The pool extended through two small openings into the great outdoors. And I ventured outside almost immediately. It was around -5° C that night and it was snowing, a pretty brutal night under usual circumstances. However, I was in a 35° C pool and despite the fact that my hair froze within a couple of minutes, I was warm and comfortable.

The source of the current was pretty evident once I got outside. There was a circular section of the pool that surrounded a raised hot tub. The current whipping around that circle was pretty strong and the idea of it is to provide resistance for people who want to swim for exercise. I had other ideas.

I turned over onto my back and let the current lead me in a circle as I floated with my eyes closed. It’s the position I assume almost immediately when I’m in the Gulf of Mexico and I find it to be one of the ways to get me to relax completely. In the mineral-rich waters of the Claudius Therme, my face and chest were above the surface of the water and it was beyond incredible to be warm and to have snow falling on my face and chest at the same time. I floated like that for about an hour. It was the very definition of the term “bliss.”

Like most spas in Germany, the Claudius Therme has a no clothing policy when it comes to spending time in the saunas and steam baths. I’ve never thought of myself as a prude, but the idea of taking off my clothes in front of a room full of strangers was unsettling. My discomfort at the thought was all the cue I needed to know that I had to do it.

As I mentioned earlier, I never think of myself as a prude but my damn American comes out pretty regularly when I’m traveling.

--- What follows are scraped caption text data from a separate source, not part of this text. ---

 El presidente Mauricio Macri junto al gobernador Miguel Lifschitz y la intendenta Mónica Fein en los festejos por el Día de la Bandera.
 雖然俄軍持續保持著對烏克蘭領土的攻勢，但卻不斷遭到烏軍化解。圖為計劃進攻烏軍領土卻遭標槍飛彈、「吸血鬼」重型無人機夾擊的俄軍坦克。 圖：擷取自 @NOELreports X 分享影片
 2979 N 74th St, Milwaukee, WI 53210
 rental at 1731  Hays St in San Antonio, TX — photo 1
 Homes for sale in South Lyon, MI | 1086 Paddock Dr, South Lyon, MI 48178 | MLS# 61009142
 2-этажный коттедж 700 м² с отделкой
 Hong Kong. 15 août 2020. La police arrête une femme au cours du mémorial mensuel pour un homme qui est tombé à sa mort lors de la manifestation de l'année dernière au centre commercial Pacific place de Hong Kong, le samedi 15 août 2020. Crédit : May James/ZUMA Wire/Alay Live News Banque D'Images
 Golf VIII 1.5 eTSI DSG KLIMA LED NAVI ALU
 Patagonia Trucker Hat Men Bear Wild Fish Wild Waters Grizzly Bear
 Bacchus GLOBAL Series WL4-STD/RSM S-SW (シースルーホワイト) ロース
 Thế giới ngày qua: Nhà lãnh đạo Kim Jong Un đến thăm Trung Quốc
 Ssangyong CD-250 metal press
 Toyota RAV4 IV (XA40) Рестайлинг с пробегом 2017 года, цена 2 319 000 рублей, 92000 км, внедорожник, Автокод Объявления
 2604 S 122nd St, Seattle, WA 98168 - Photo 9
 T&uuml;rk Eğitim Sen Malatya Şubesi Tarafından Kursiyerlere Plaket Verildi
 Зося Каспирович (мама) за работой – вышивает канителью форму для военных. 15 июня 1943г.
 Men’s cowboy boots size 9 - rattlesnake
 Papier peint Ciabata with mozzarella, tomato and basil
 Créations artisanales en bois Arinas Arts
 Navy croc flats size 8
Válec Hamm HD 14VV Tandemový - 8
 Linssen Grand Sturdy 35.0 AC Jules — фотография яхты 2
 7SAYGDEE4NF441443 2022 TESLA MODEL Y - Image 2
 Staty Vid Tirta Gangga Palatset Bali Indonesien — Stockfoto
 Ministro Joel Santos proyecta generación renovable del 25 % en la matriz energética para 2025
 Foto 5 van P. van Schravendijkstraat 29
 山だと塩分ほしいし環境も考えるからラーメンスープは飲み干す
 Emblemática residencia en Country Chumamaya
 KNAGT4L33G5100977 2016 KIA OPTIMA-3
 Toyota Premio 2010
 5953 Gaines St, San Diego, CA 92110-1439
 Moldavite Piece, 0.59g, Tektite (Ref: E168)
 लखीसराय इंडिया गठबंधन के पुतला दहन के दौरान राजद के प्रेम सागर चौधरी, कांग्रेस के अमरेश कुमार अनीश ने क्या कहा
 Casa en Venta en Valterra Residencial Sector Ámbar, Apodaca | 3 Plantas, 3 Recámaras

I went up to the sauna and steam area of the spa and my American assumption was that the clothing-free areas were segregated by sex. They weren’t.

But hey, I was in Germany and at a thermal bath for crying out loud. I’d probably never have the opportunity confronting me again, so I decided to just keep going with it.

When I let my bathrobe drop, something interesting happened inside my head. I wasn’t sure how I’d respond and after a moment of discomfort, I found that it was oddly empowering to be naked in public.

There were no gym bodies on display, let me tell you that. I was naked with a bunch of other middle-aged people and all of us had our best years behind us. It didn’t matter that none of us were perfect. All that mattered was that we were. As an American, I grew up with an inherent suspicion of nudity. In the American mind, nudity is always a prelude to sex. It’s a foolish and limiting way to see the world. To the Germans in whose midst I found my naked self, sexuality didn’t play into it at all.

Being naked in a spa is the absolute opposite of sexual. It’s deliberately anti-sexual and to my mind a bit of a paradox because it stood in such stark opposition to how I’d been raised and socialized. Yet there we were in all of our pot-bellied, sagging glory. The mood could be summed up as “this is what I look like, deal with it.”

It was a refreshing change from my native, appearances- and sex-obsessed culture. It seems to me to be a healthier way to approach life.

I noticed two men talking in the sauna, they were clearly friends and were catching up. Despite the healthier outlook I was forcing myself to adopt, I couldn’t imagine me sitting next to any of my friends while naked in a sauna. Some cultural baggage is just too ingrained.